== Problem requirements ==
I would like the lines below, from the one with "From Salzburg: Private" through the one with "es la canción", copied exactly and without any pictures.

Items listed in a dataset:

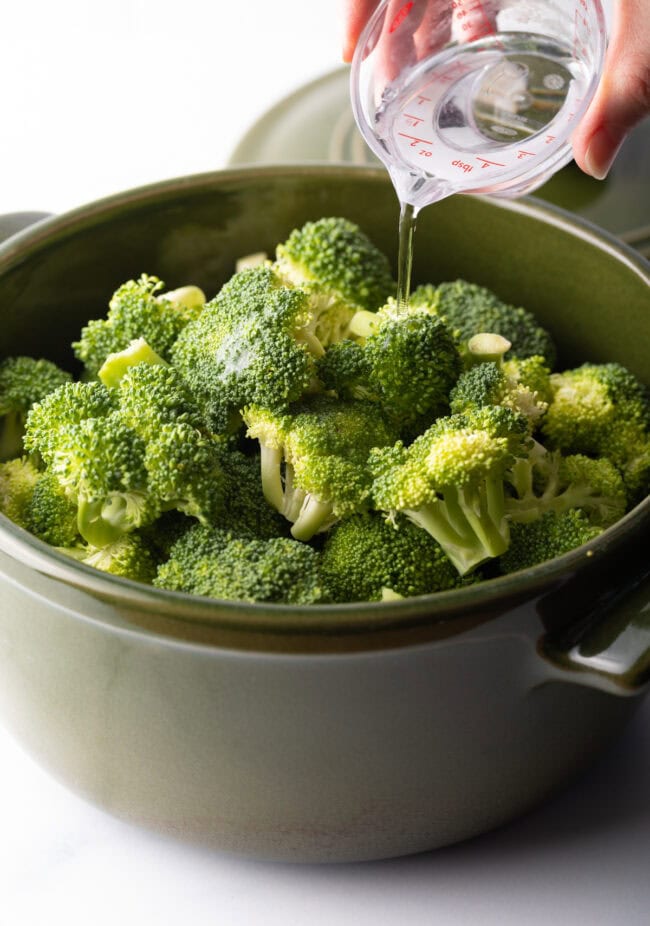 How to Steam Broccoli  in Microwave  - 19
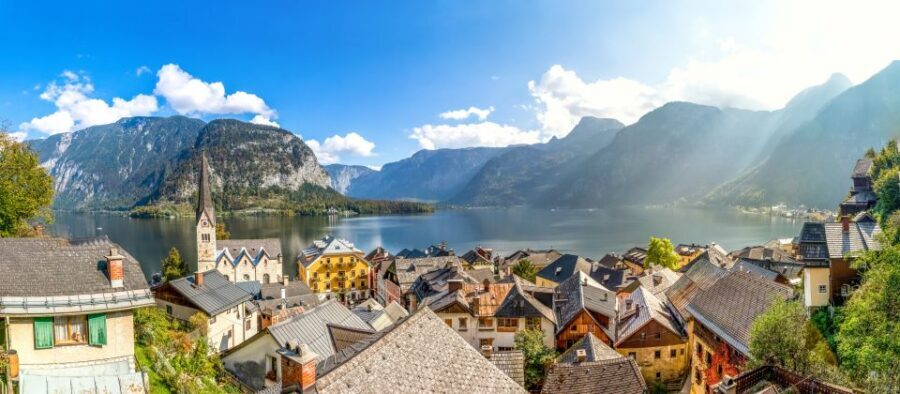 From Salzburg: Private Tour of Hallstatt - The Lake District drive: Fuschlsee to Wolfgangsee in one smooth arc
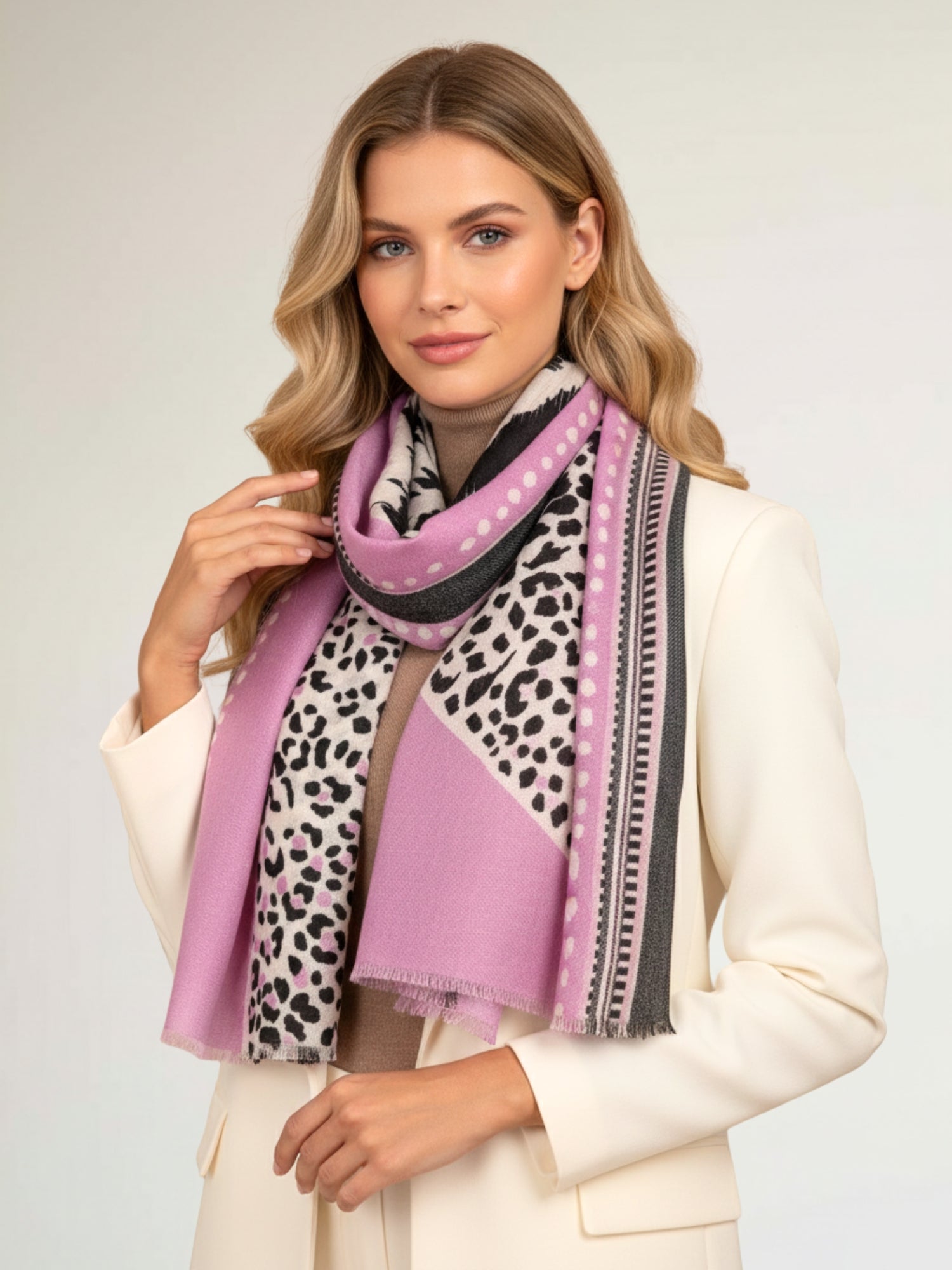 LARGE LILAC TIGER AND LEOPARD PRINT SHAWL SCARF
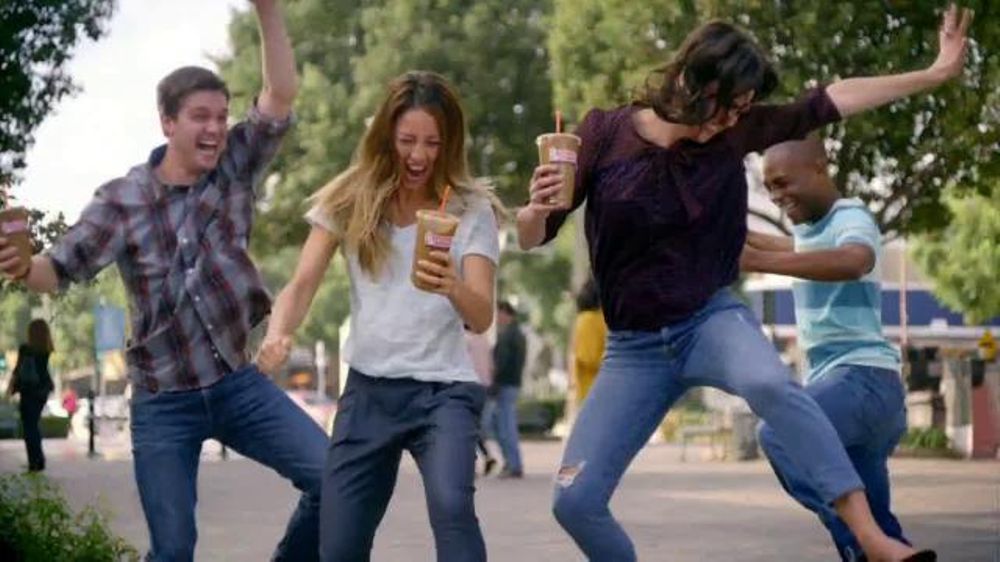 ¿Cuál es la canción de fondo del anuncio de Dunkin' "Fuel Your Day" de 2026?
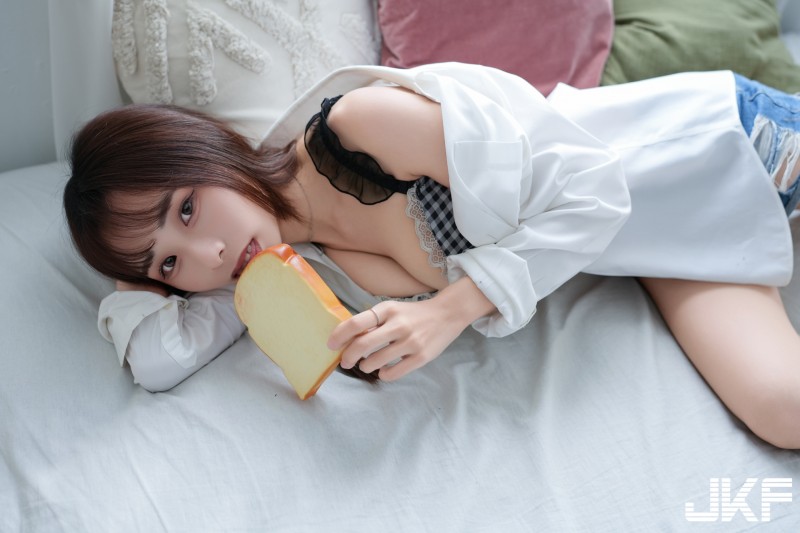 【蜗牛娱乐】大眼甜心「TN」在家也超萌！苗條曲線卻有「豐滿雪乳」好傲人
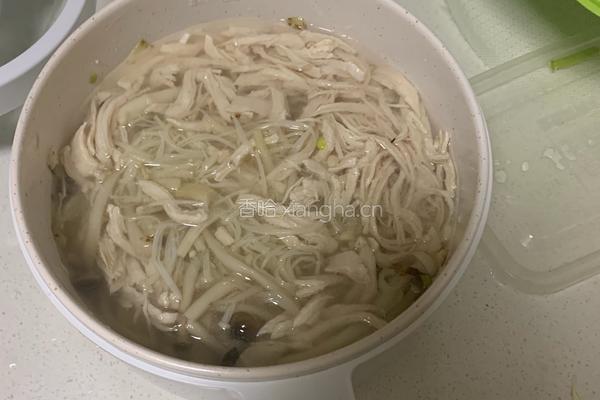 鸡丝儿蘑菇汤的做法图解12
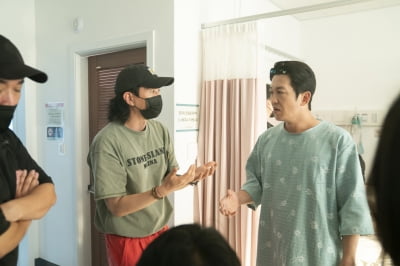 카메라 앞에선 망가지고, 뒤에선 진지하고…허성태·조복래 '정보원', 치열했던 현장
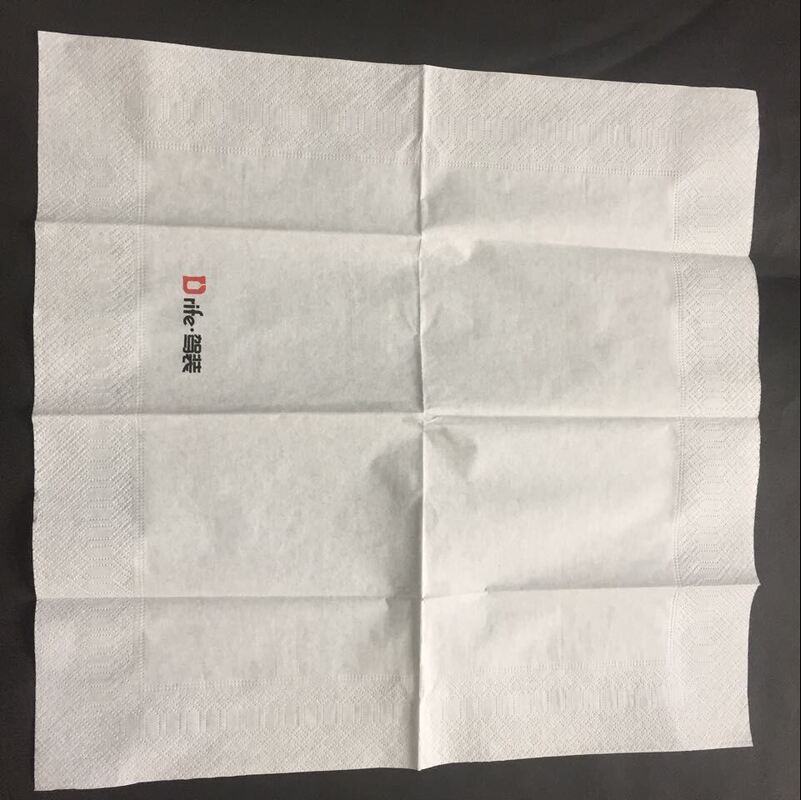25*25cm serviette papier tissé 2 Ply Virgin Wood Pulp Cocktail Serviettes Logo personnalisé Sérigraphie à soie Servilles à dîner pliés pour les événements et les fêtes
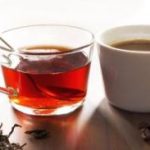 تاثیر مثبت چای و اثر منفی قهوه بر سلامت استخوان‌ این افراد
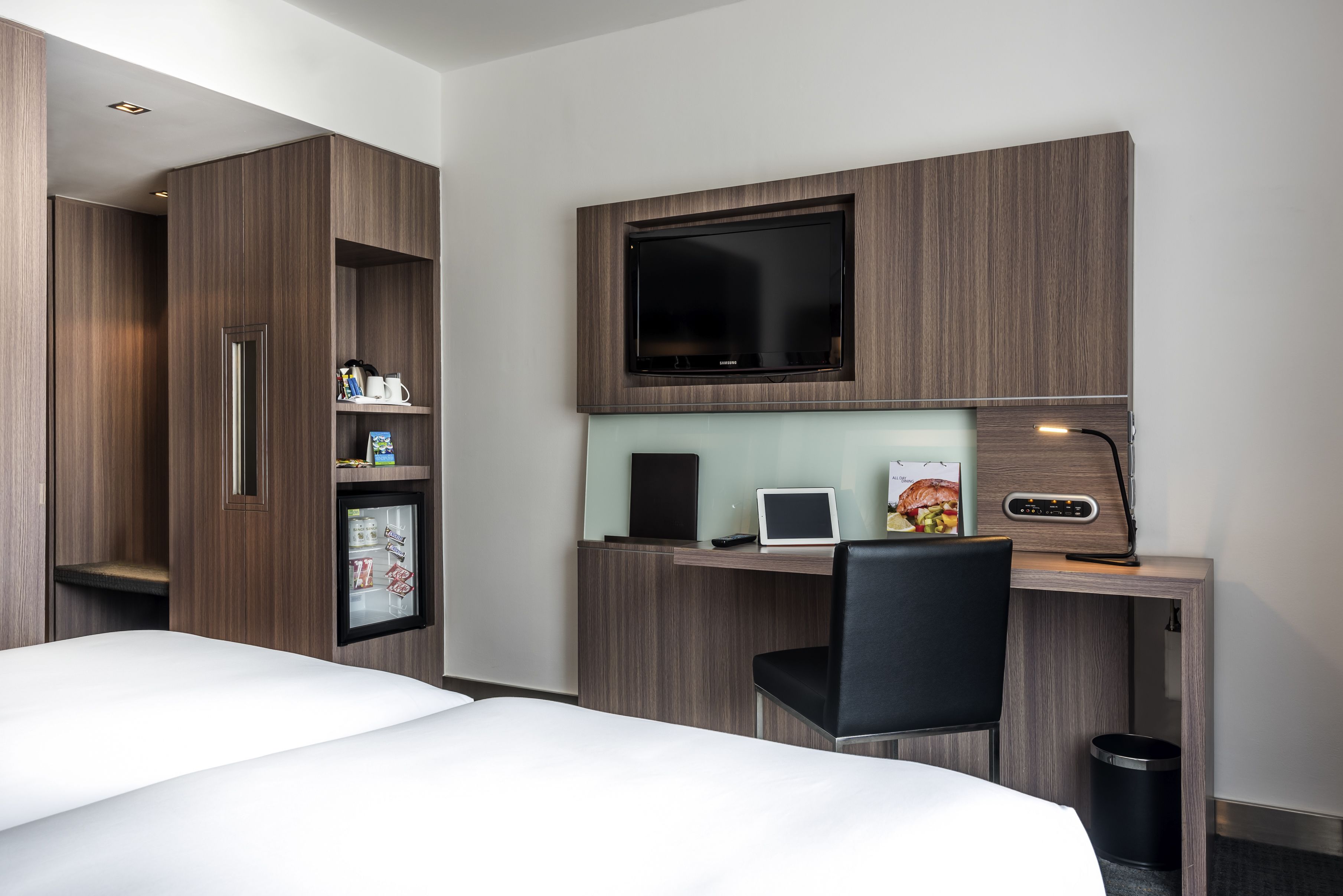 superior room, 2 single beds | premium bedding, minibar, in-room safe, desk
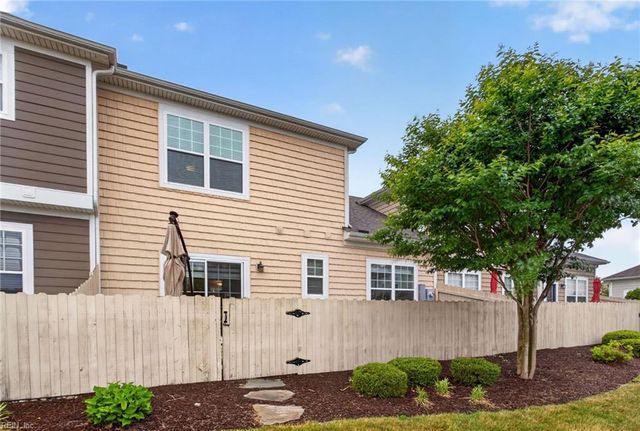 1951 Canning PL, Chesapeake, VA 23322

== Response to the task ==
 From Salzburg: Private Tour of Hallstatt - The Lake District drive: Fuschlsee to Wolfgangsee in one smooth arc
 LARGE LILAC TIGER AND LEOPARD PRINT SHAWL SCARF
 ¿Cuál es la canción de fondo del anuncio de Dunkin' "Fuel Your Day" de 2026?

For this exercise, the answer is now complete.